■ Problem description: Go to the line that includes "Steak Tartar Tarifi" and retype it, then every line after it to the end of the data, adding nothing.

(Short web captions)
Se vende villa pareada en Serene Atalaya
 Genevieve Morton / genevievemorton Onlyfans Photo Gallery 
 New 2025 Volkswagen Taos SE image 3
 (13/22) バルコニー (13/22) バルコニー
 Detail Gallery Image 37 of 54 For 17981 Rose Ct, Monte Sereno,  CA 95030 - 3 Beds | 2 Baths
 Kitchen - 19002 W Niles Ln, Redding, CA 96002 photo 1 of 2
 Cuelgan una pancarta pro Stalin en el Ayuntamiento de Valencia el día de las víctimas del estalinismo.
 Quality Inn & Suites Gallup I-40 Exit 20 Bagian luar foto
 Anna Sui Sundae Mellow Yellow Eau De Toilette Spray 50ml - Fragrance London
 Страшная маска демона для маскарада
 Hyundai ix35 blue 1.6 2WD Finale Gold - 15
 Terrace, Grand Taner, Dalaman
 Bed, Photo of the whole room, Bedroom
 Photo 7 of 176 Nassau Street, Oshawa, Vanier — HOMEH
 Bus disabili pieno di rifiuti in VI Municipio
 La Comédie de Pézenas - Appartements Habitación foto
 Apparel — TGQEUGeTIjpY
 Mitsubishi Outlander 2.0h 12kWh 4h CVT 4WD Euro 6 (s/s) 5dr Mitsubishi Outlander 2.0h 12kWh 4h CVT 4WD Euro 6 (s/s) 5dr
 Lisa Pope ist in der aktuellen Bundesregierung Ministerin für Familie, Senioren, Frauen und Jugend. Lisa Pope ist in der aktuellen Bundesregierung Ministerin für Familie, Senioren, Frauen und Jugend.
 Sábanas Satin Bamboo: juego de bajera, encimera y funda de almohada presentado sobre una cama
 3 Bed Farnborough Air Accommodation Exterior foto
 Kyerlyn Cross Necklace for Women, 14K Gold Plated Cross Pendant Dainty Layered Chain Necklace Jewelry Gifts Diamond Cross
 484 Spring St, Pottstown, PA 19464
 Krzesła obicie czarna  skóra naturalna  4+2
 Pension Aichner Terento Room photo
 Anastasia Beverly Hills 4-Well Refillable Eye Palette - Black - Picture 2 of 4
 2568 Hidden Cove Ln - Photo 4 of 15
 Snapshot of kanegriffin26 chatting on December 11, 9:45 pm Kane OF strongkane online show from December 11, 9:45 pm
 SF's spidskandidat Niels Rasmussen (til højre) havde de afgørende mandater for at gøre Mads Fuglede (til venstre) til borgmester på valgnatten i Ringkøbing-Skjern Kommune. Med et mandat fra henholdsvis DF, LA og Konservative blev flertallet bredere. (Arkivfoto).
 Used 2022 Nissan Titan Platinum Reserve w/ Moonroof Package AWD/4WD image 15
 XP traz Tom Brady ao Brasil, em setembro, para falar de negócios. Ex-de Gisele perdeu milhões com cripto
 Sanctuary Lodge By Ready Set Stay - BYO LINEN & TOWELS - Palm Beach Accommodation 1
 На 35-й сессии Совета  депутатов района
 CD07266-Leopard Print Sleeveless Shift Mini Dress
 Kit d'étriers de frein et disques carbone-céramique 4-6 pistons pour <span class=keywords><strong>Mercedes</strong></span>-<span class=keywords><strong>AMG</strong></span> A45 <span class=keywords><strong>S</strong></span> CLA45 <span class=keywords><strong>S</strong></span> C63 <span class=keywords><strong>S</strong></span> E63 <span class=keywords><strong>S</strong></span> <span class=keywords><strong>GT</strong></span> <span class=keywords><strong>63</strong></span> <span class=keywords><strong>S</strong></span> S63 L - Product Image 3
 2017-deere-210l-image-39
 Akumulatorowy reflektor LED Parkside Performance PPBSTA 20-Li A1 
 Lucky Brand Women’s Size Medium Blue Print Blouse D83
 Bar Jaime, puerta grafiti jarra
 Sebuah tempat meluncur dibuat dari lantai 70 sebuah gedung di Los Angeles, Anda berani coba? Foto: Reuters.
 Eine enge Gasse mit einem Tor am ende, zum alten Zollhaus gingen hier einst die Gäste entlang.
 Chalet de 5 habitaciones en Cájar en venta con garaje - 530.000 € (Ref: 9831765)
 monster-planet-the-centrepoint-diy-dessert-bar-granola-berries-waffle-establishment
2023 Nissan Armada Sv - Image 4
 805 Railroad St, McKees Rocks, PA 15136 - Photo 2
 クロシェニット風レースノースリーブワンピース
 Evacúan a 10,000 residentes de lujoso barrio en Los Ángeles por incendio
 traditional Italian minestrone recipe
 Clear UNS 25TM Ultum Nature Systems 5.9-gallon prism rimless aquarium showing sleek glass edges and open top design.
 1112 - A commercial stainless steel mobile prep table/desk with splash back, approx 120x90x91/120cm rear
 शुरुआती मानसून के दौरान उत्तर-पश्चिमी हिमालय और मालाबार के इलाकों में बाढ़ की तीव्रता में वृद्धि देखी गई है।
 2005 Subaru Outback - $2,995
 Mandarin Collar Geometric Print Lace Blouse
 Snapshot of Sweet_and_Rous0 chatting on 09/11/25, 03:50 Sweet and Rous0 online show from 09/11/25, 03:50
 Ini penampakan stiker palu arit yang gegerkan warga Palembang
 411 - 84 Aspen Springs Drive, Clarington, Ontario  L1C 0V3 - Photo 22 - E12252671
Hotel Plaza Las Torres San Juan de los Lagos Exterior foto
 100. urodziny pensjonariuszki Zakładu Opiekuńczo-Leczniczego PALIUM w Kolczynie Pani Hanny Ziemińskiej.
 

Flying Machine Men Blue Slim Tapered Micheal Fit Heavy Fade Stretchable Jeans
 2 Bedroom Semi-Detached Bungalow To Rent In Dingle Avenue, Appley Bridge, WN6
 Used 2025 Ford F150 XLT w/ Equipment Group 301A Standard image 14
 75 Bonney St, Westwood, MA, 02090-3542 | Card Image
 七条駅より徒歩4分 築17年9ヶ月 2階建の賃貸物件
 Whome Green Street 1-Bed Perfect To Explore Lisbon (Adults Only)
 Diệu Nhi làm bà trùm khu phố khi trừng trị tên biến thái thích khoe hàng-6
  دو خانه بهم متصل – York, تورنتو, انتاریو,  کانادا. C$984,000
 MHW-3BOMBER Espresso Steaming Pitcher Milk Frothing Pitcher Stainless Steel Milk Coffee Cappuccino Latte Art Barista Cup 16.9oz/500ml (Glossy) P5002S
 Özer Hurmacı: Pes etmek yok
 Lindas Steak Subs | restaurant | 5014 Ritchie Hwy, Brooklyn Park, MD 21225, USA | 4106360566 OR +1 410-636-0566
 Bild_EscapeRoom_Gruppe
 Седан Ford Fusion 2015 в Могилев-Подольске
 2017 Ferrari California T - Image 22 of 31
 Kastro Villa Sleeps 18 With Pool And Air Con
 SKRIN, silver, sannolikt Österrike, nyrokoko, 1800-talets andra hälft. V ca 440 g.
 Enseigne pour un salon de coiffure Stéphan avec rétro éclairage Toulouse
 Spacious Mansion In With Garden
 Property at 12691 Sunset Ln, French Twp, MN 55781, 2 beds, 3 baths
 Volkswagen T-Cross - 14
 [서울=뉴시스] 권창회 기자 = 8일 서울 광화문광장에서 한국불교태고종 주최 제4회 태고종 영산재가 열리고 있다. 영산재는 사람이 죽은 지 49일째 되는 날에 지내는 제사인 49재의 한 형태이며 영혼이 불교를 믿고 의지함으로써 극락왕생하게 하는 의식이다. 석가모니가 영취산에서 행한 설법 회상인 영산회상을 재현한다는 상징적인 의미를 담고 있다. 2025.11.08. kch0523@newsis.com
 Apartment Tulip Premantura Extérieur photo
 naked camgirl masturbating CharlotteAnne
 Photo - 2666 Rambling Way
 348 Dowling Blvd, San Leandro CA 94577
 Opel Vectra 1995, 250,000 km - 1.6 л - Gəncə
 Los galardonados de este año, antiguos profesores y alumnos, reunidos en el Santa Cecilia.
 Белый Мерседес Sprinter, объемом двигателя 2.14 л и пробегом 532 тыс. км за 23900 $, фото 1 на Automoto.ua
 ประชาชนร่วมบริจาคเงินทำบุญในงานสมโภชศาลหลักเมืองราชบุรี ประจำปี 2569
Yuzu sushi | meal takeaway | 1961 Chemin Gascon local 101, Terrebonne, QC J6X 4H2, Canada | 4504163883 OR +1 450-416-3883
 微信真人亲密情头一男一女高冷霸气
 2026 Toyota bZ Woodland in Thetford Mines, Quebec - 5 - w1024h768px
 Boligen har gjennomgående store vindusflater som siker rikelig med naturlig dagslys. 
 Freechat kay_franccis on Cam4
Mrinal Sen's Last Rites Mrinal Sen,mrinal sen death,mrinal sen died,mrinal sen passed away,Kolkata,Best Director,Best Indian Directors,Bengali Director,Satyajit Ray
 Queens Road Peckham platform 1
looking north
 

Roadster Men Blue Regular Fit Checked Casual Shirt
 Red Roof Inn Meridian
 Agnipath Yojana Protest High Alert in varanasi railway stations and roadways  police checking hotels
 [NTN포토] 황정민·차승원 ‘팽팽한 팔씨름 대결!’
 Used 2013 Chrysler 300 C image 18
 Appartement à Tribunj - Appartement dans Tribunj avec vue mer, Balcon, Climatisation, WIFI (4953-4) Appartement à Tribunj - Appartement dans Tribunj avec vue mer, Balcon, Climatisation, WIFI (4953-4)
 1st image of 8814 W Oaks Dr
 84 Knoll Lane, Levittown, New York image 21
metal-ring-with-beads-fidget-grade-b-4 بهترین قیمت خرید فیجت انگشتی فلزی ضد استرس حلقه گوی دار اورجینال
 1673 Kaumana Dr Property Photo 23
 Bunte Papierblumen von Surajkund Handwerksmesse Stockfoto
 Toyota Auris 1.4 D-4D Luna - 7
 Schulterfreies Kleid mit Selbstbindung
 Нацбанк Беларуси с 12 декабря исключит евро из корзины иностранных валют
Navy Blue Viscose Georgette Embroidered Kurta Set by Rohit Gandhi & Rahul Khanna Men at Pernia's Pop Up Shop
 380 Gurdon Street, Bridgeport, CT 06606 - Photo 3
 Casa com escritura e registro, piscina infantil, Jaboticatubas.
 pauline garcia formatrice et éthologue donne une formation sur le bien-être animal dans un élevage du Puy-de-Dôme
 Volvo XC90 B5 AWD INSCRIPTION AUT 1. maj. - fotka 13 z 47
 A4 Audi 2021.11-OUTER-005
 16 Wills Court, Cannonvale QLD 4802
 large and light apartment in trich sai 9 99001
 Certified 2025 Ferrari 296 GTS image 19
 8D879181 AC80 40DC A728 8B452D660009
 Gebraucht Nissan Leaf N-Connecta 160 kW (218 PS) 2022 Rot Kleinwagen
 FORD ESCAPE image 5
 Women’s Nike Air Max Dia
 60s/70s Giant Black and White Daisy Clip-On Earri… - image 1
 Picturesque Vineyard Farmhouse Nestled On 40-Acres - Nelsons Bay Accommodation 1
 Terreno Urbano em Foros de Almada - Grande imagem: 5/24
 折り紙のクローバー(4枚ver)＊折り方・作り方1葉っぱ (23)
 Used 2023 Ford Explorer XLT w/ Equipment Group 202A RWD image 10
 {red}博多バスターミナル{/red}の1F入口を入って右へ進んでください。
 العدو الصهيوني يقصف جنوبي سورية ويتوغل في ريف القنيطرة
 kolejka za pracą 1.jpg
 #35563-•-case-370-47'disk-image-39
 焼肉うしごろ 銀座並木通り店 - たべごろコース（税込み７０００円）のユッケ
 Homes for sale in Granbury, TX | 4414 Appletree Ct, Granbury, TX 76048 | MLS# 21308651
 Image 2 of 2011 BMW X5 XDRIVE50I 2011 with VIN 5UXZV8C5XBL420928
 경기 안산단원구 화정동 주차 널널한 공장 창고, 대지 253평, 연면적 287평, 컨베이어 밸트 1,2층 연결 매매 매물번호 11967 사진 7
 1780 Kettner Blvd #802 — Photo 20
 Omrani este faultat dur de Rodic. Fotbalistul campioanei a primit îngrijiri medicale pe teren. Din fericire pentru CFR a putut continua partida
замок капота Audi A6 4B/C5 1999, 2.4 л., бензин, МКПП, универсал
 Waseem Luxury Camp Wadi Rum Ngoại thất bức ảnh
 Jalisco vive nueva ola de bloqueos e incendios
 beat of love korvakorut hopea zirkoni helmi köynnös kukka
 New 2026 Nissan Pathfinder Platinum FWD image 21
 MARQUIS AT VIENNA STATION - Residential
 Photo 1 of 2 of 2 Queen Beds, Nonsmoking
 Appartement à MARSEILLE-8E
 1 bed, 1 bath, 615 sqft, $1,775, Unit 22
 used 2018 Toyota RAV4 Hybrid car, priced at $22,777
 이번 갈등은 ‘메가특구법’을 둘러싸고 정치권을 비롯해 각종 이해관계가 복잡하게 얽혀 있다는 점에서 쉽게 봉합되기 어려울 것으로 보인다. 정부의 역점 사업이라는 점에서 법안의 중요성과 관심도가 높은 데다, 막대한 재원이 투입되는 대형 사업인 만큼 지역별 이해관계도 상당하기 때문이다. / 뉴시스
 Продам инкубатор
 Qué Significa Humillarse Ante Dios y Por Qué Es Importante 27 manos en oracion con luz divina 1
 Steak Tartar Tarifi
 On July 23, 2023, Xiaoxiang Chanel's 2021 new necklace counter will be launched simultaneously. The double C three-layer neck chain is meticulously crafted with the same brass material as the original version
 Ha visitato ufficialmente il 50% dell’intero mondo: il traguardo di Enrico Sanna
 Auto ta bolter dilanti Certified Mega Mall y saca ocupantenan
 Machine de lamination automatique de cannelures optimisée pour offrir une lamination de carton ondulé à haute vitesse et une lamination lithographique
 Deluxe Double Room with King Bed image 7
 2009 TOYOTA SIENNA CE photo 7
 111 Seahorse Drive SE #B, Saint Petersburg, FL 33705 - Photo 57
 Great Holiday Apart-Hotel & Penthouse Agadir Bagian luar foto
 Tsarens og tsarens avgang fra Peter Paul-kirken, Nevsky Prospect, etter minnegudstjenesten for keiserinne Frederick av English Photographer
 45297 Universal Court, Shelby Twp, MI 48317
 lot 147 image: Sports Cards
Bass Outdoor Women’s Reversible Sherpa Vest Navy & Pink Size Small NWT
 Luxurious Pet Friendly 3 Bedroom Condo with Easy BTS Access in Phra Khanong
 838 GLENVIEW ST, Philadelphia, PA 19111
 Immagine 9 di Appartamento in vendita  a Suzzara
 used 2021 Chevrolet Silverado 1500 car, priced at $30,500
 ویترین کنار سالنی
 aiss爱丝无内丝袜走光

■ Answer to this task:
 Steak Tartar Tarifi
 On July 23, 2023, Xiaoxiang Chanel's 2021 new necklace counter will be launched simultaneously. The double C three-layer neck chain is meticulously crafted with the same brass material as the original version
 Ha visitato ufficialmente il 50% dell’intero mondo: il traguardo di Enrico Sanna
 Auto ta bolter dilanti Certified Mega Mall y saca ocupantenan
 Machine de lamination automatique de cannelures optimisée pour offrir une lamination de carton ondulé à haute vitesse et une lamination lithographique
 Deluxe Double Room with King Bed image 7
 2009 TOYOTA SIENNA CE photo 7
 111 Seahorse Drive SE #B, Saint Petersburg, FL 33705 - Photo 57
 Great Holiday Apart-Hotel & Penthouse Agadir Bagian luar foto
 Tsarens og tsarens avgang fra Peter Paul-kirken, Nevsky Prospect, etter minnegudstjenesten for keiserinne Frederick av English Photographer
 45297 Universal Court, Shelby Twp, MI 48317
 lot 147 image: Sports Cards
Bass Outdoor Women’s Reversible Sherpa Vest Navy & Pink Size Small NWT
 Luxurious Pet Friendly 3 Bedroom Condo with Easy BTS Access in Phra Khanong
 838 GLENVIEW ST, Philadelphia, PA 19111
 Immagine 9 di Appartamento in vendita  a Suzzara
 used 2021 Chevrolet Silverado 1500 car, priced at $30,500
 ویترین کنار سالنی
 aiss爱丝无内丝袜走光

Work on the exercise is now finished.